[Start of section]
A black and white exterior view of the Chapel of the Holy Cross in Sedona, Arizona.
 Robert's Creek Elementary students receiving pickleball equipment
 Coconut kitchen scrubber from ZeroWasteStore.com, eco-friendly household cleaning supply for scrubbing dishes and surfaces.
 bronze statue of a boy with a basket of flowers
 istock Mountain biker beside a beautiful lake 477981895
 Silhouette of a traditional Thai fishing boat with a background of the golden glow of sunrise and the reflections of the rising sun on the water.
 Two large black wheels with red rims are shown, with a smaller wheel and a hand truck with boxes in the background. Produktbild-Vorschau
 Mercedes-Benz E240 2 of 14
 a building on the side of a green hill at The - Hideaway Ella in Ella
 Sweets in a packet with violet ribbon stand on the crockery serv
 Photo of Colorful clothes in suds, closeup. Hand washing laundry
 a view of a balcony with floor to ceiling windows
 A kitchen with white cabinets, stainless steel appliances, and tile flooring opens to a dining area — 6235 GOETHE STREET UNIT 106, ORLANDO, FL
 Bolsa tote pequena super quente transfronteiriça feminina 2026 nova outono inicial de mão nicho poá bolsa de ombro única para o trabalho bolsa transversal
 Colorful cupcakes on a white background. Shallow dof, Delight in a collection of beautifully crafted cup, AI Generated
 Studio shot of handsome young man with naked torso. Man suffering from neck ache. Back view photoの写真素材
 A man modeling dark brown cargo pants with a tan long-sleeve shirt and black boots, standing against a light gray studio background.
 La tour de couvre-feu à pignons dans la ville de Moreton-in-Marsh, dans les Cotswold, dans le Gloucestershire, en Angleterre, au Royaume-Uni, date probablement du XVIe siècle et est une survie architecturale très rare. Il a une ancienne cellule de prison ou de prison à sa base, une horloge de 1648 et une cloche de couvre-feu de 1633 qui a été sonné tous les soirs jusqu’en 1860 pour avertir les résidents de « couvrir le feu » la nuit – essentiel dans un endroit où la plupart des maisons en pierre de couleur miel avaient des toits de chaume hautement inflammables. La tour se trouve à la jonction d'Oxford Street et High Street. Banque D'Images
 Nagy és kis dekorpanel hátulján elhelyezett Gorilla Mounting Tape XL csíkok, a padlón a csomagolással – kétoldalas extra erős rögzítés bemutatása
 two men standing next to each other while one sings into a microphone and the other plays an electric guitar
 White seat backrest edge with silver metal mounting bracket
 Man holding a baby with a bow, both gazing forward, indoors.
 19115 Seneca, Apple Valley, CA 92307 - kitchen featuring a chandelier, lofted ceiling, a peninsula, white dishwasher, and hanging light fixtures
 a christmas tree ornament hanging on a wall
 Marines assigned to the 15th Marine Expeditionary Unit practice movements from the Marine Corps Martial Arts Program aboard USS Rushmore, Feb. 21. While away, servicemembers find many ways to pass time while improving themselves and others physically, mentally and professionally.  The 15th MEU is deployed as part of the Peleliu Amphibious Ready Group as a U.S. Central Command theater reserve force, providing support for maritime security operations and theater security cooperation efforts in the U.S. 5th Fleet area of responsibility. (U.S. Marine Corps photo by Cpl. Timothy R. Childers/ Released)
[End of section]
* [What is expected]: Report every line in the data above in which the word "Colorful" appears.

* [Output of the exercise]:
 Photo of Colorful clothes in suds, closeup. Hand washing laundry
 Colorful cupcakes on a white background. Shallow dof, Delight in a collection of beautifully crafted cup, AI Generated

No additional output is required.